Chapter 62

Chapter

Sixty-Two

Days after the naming, Rakhal returned to the Pit of Ancients.

The stairs dropped steeply beneath him. The stone walls swallowed the torchlight and sent it back in dull red flickers.

The air smelled of rain on stone and of rites that did not ask permission.

Rakhal went first, Azfar behind him with the staff that had measured more winters than most bloodlines.

The sound of the war camp—drums, voices, the steady work of a host preparing to move—faded above.
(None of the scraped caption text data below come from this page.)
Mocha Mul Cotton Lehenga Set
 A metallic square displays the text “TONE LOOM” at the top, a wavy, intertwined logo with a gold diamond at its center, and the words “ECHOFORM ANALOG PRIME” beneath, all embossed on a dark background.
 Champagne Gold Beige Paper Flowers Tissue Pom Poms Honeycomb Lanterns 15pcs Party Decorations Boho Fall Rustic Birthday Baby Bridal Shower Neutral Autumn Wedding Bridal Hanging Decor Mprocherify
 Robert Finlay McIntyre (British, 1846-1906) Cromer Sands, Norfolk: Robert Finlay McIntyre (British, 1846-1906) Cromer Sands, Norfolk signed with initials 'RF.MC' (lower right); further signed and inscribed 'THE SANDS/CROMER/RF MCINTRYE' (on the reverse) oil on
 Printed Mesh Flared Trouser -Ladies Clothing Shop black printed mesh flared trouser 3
Below, there was only the scrape of boots, the whisper of Shadow along the walls, and Kardoc’s breath—slow, bound, stubbornly alive.

The vault opened without ceremony, a round chamber cut from black rock and lined with slabs of bone-stone veined in gray. Salt was packed in every seam, glimmering like frost. The floor was marked by a circle of runes Azfar had laid by hand, each sigil a dark mouth drinking firelight.

Kardoc hung at the center, caught in the web of the binding—old words braided with new.

Living darkness coiled around his wrists and ankles, his chest, his neck.

It tightened when he stirred and slackened when he lay still.

Someone had washed the blood from his throat.

The cut Rakhal had given him during the Binding left a neat line across his skin—a reminder that a blade can stop where a man chooses.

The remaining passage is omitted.